I stare at him. This has to be the same Devi ma Madhu and Guddi and Anupam were heading to see, the one for whom they dressed and decorated me. But what interest could she possibly have in scientists? How has she wandered into Karun’s story?

Jaz opens one of the packets of orange biscuits we stocked up on at Sequeira’s and hands over two of them. The manager’s fingers tremble as he stuffs them into his mouth. He masticates noisily, ravenously, then closes his eyes. “A van—the Devi sent a white van with a blue stripe—very luxurious, might even have been air-conditioned, I think. Eight days ago, on the eighth—I can see it now—the day before the bombs reduced the streets to rubble. Except they refused to go, can you believe it? ‘We have to stamp out superstition, not sell out to this Devi character.’ That troublemaker Moorthy, always appointing himself in charge—you know the crusading Madrasi type. He complained from the minute he arrived—sheets not clean enough, too much milk in the tea.”

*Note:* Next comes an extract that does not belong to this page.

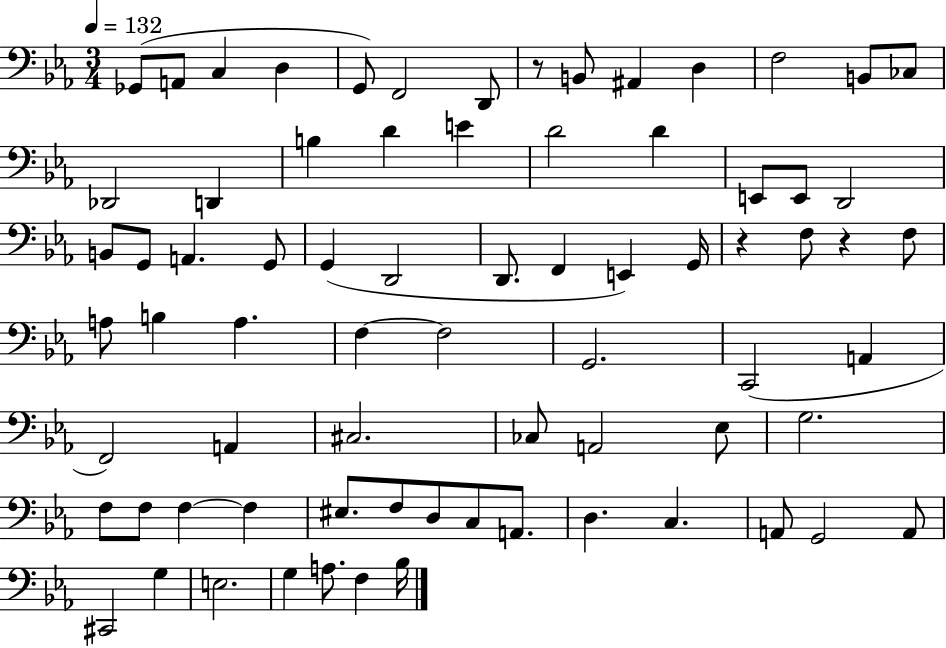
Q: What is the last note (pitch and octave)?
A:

The manager lapses into silence. Jaz feeds him more biscuits, directly into his mouth one by one, as if inserting coins into a jukebox. “I tried warning them this wasn’t an invitation to some tea party, that the last thing they wanted to do was annoy the Devi, but they paid me no heed. Moorthy sent the driver back quite grandly, to tell her they would come only if she agreed to a public debate. ‘One where we would have an opportunity to unmask any trickery. For the people’s sake, because we’re scientists.’ As if the masses are clamoring to hear what scientists think.”